Studies of the new swine flu vaccine in the U.S. show that children 10 years old and older need just one shot for protection, but younger kids appear to need two.

The studies have shown that the vaccine provides good protection in children over the age of 10 within eight to 10 days, just as it does for adults, the National Institutes of Health announced Monday.

But kids younger than 10 appear to need two shots 21 days apart, said Dr. Anthony Fauci, head of the NIH's National Institute of Allergy and Infectious Disease.

That's not a surprise, since very young kids often need two doses of vaccine against regular winter flu, particularly the first time they're immunized against a new strain of influenza.

Younger children simply "don't have as mature an immune system," Fauci explained.
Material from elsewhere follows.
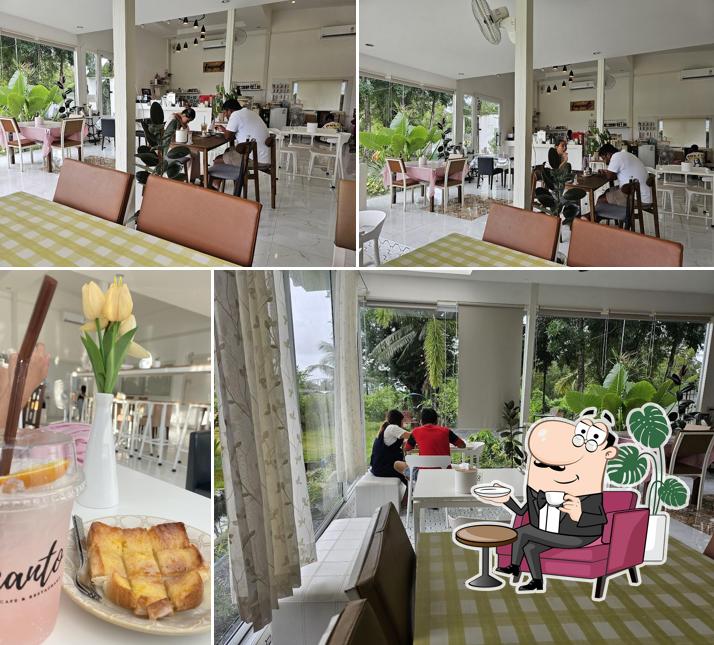 Encanto Cafe & Restaurant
So the first dose acts as "an introduction" to a flu strain they've never experienced, while the second shot revs up their immune response further.

"They need a little extra . . . a little nudge to the immune system to respond," Fauci added.

They say the finding that one standard sized shot will be enough for adolescents and teens is good news, because that means there will be more vaccine for others.

"This is acting strikingly similar to seasonal flu" vaccine, Fauci said. "Overall, this is very good news for the vaccination program."

The studies have found no significant side-effects in the 600 children who received the vaccine.

But parents of children under age 10 face a potentially complicated flu vaccine schedule this year. That's because officials still recommend kids also get two shots of seasonal flu vaccine. So that could mean that kids under 10 could be getting four shots altogether this fall -- two against regular flu and two against swine flu.

Dr. Anne Schuchat of the Centers for Disease Control and Prevention said it also appears safe to receive shots of each vaccine in each arm on the same visit.

The children's study found that 76 per cent of 10 to 17-year-olds showed good protection with one dose of H1N1 vaccine. That's similar to protection from the regular winter flu vaccine

The other quarter did respond to the vaccine, just not as robustly.

But in younger kids aged three to nine years old, only a third had a good immune response to the swine flu shot. Only a quarter of babies and toddlers aged six months to three years responded well, Fauci said.

That response was measured eight to 10 days after the shot. Since flu protection usually builds over several weeks, the numbers could improve somewhat, he said, but he wasn't optimistic the under-10 crowd would be able to skip the booster dose.

The study results apply only to the vaccine being tested in the U.S., which doesn't use an adjuvant.

There has been no data released yet on the vaccine being developed in Canada, which does use an adjuvant.

"We are dealing with a different vaccine . . . which may have a stronger immune response, even in children, but until the safety data is in we can't really say," infectious disease expert Dr. Neil Rau told CTV News.